There are a lot of ways to look at this Foundstone ordeal but obviously there is the 
black and white legality of things. JD Glaser (NT Objectives) was the main architect 
and engineer behind any program that Foundstone did. Obviously when he decided to 
leave Foundstone, and take a few of the Foundstone engineers with him, to start back 
up NT Objectives, he was breaking some contracts he had with Foundstone. This is what 
all the legal matters seem to be about.

If JD Glaser (NTObjectives) had legal contracts not allowing him to compete, reuse 
code (IP restrictions), nor work against Foundstone (by taking some engineers from 
Foundstone to NTObjectives) then of course he is breaking the law and Foundstone has 
all the right to take him to court and sue the pants off of him.

I think all of the underlying aspects of this is what is the most funny. I mean come 
on what technology are they suing NTObjectives for? Last I heard NTObjectives "Fire & 
Water" tool was something that any decent programmer could put together in a weekend. 
Is Foundstone really suing over "state of the art" connect() scanner code and XML 
parsing? If that's the type of high-tech IP they are trying to protect then that's 
scary. Also, where does Foundstone even use any of this technology? Last I heard 
Foundstone's Foundscan product (or was it service?) was vaporware. I know that when my 
company looked into purchasing it we were met with nothing more than remote web demos 
and screen shots of something that was "coming soon."

So I guess that is what I find funny in all this... that NTObjectives (JD Glaser) and 
Foundstone (Stuart McClure) must have had such a falling out that now there is a legal 
battle over who has the right to super high tech port scanner code etc...

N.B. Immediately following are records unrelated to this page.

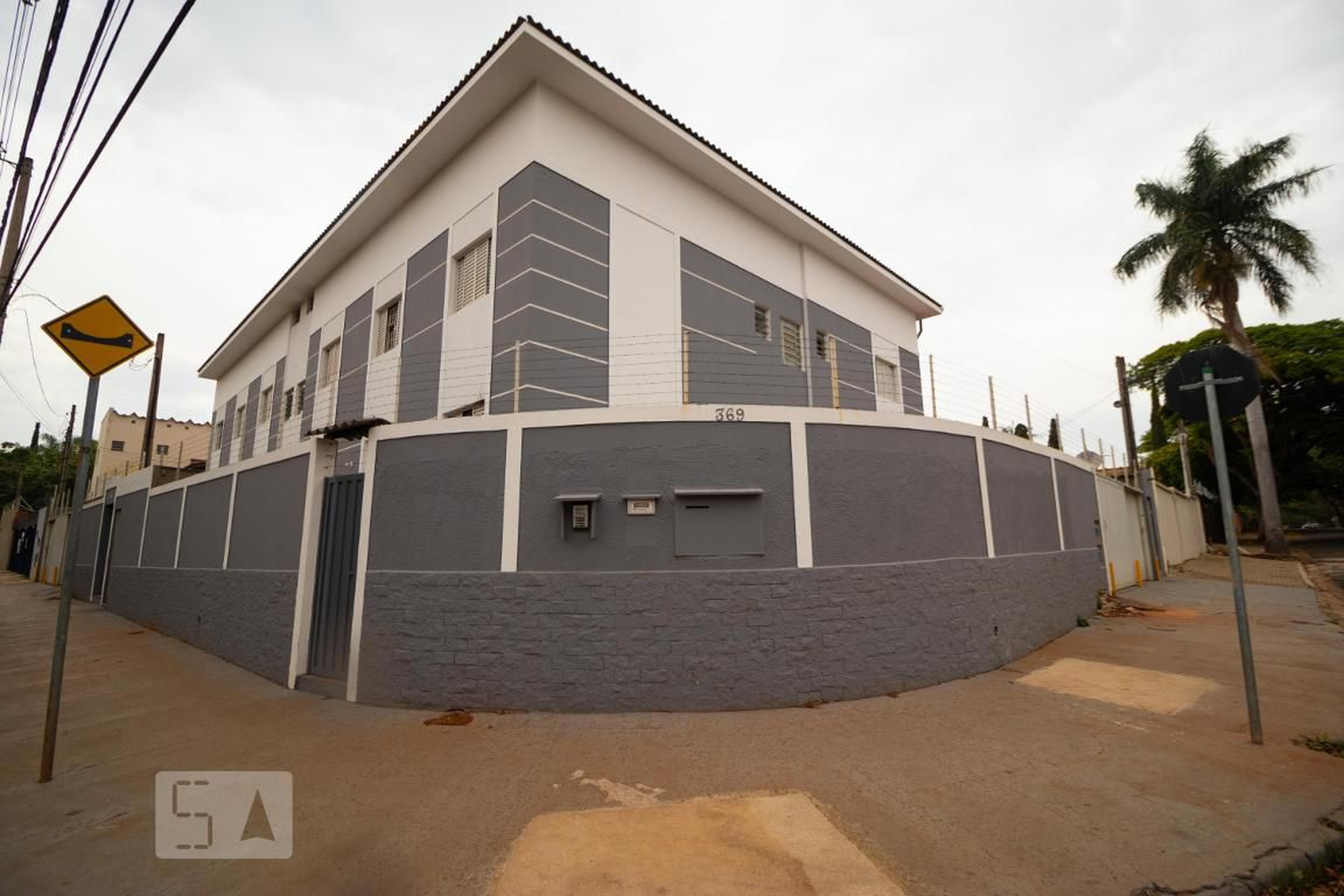 Fachada Condomínio em Avenida Professor Atílio Martini, 369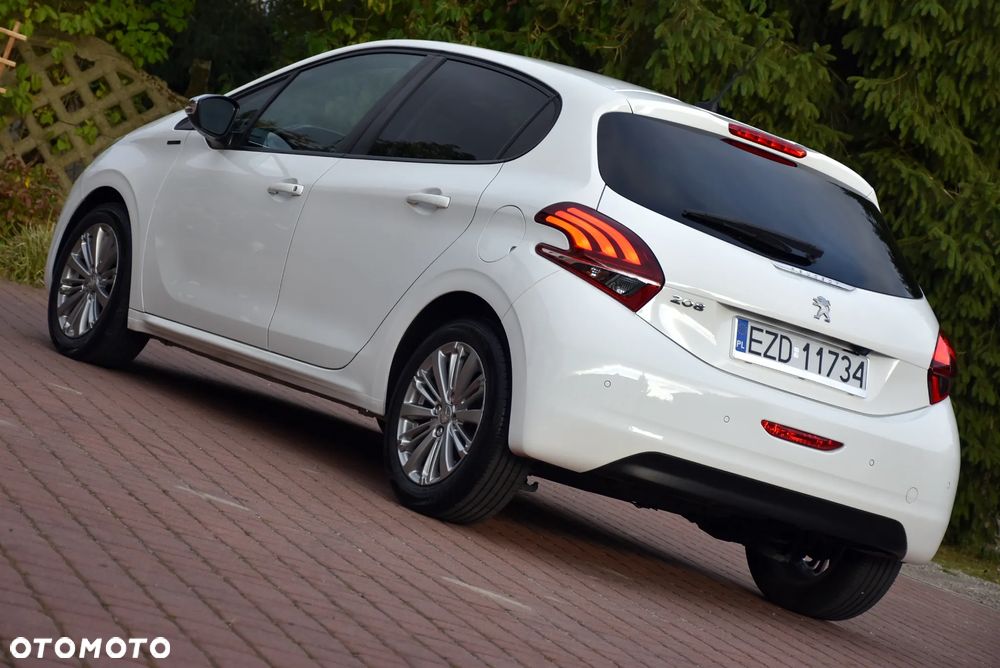 Peugeot 208 - 3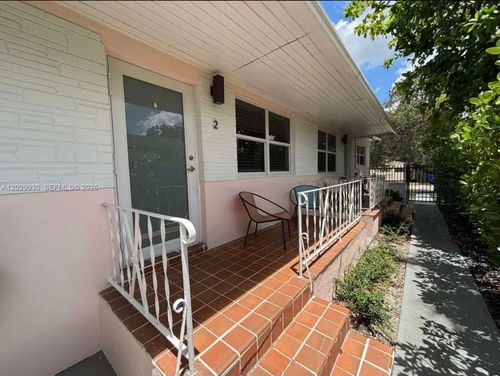 2-424 Ne 64th St, Miami, FL, 33138-6159 | Card Image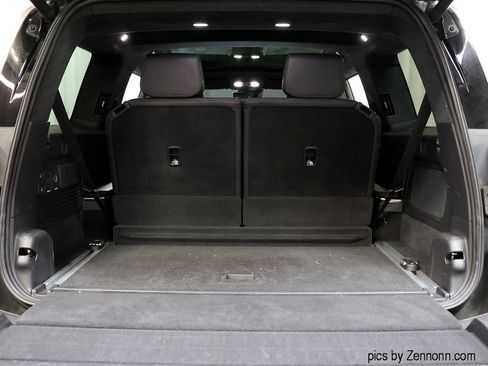 Used 2023 Rivian R1S Launch Edition image 31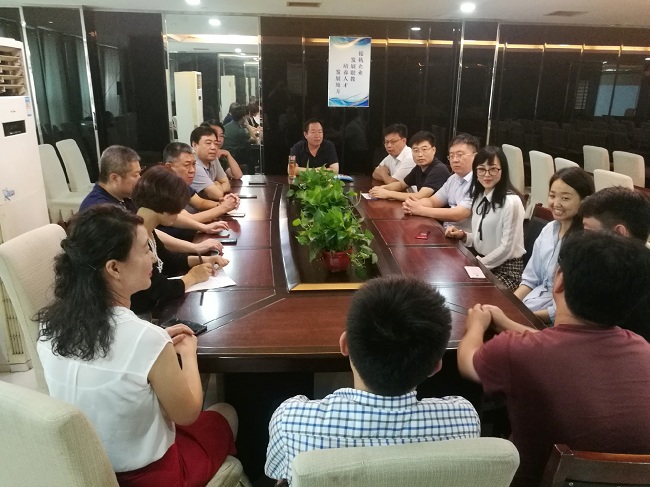 李海平带队就深化“双创双服”赴武安市创新创业孵化基地考察调研-召开座谈会-1.jpg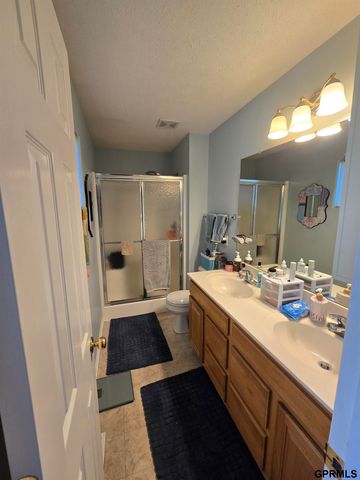 14903 Wirt Street, Omaha, NE 68116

If Foundstone was doing good and was not scrambling to finish vaporware, with a now 
non-existent engineering team (at NTObjectives now) then I doubt we would see them 
suing over something as trivially simple as "Fire & Water" ... to me it seems like 
nothing more than childish backlash by Stuart towards JD. Do I disagree with it? Nope 
Foundstone has every right to sue NTObjectives.

But come on doesn't everyone have better things to do? This reminds me so much of dot 
com style jibberish.

Back to protecting my companies network and hoping the vendors creating my security 
software can grow up and work on better security solutions instead of petty lawsuits.

-Ron
CISSP,CCNE

| To: SECURITY-BASICS 
| Subject: Re: Foundstone - keeping free tools from the public 
| Date: Oct 10 2002 6:14PM 
| Author: <[EMAIL PROTECTED]> 
| 
| I would say, read the order, and declaration.
| 
| This is not about withholding tools, or protecting the public, as
| NTOBJECTives, Inc., would have us believe.  It's about stealing | code,
| algorithms, datases, etc,  that Foundstone, Inc., wrote, and | protect as
| trade secrets.
| 
| NTOBJECTives is free to release the toolkit, after they prove to | the court
| systems, the code is original and theirs.